## THE PROBLEM
Consider the listing below. Extract exactly the lines from the line containing "J.PRESS LADIES 金子 コーディネート画像" to the line containing "Usado SsangYong Korando", both included.

## INFORMATION
——

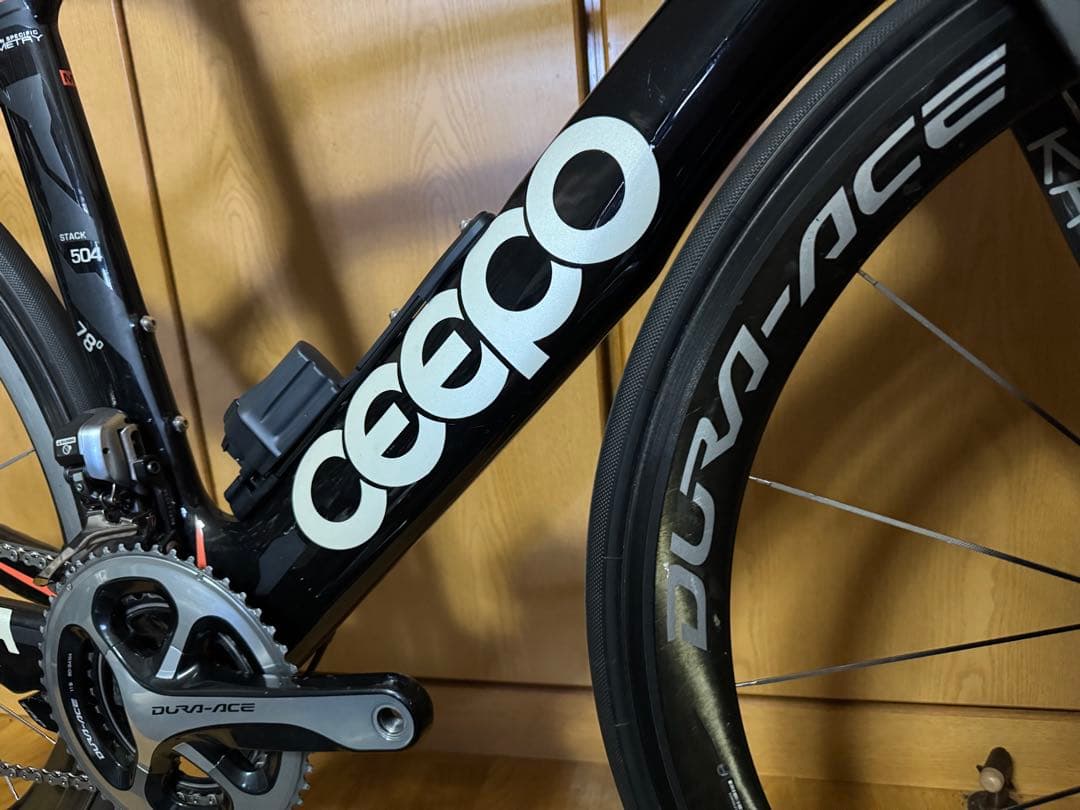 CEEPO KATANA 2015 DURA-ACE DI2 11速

——

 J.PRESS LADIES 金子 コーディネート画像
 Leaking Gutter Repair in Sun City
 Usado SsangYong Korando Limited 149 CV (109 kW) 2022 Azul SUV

——

## WRITTEN REPLY
 J.PRESS LADIES 金子 コーディネート画像
 Leaking Gutter Repair in Sun City
 Usado SsangYong Korando Limited 149 CV (109 kW) 2022 Azul SUV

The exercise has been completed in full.